-- LISTED RECORDS follows --
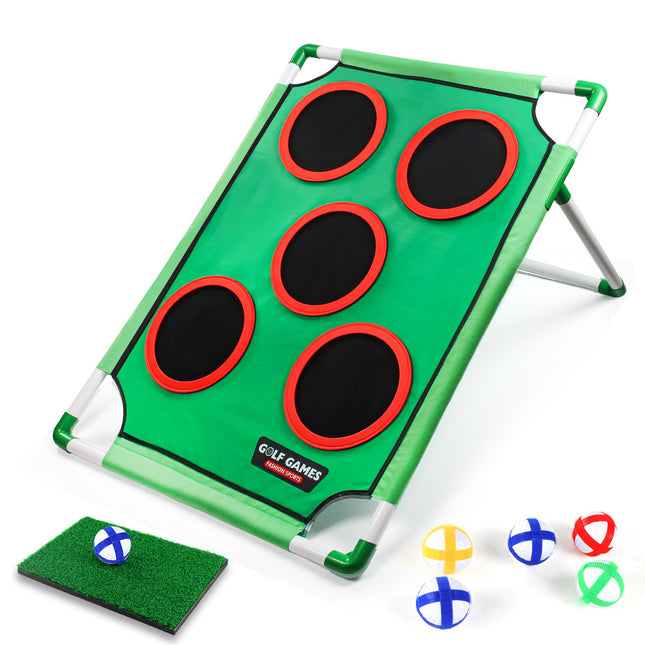 Children's golf training kits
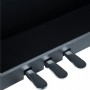 Kawai KDP75B Siyah Siyah Dijital Piyano Tabure  Kulaklık Hediyeli
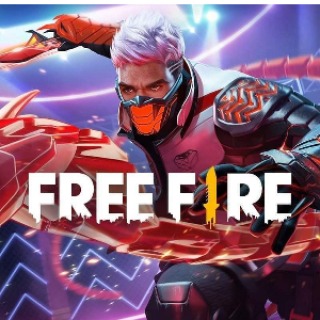 Garena_Free Fire
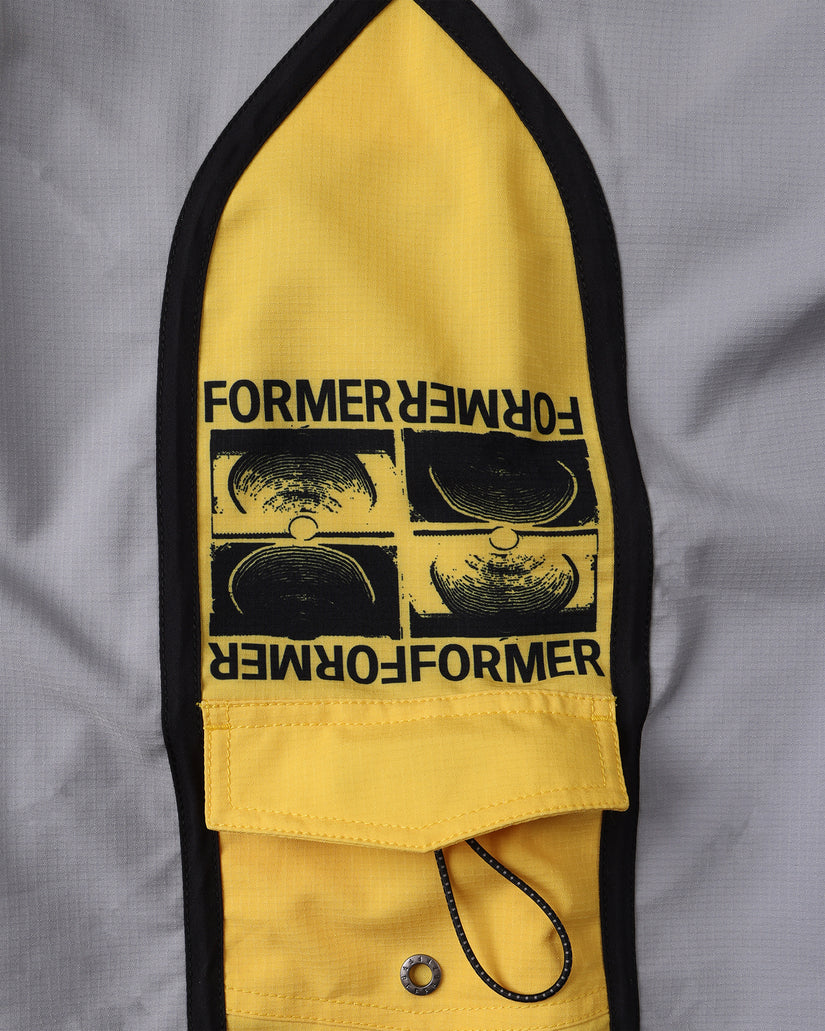 Mens Chun 21" Boardshorts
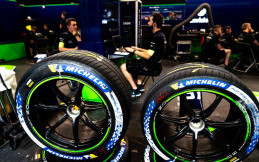 Michelin Undur Diri dari Formula E, Ini Alasannya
-- LISTED RECORDS concluded --
• TRY IT:
An answer that restates all the entries exactly and drops the images is what is needed.

• TASK RESULT:
 Children's golf training kits
 Kawai KDP75B Siyah Siyah Dijital Piyano Tabure  Kulaklık Hediyeli
 Garena_Free Fire
 Mens Chun 21" Boardshorts
 Michelin Undur Diri dari Formula E, Ini Alasannya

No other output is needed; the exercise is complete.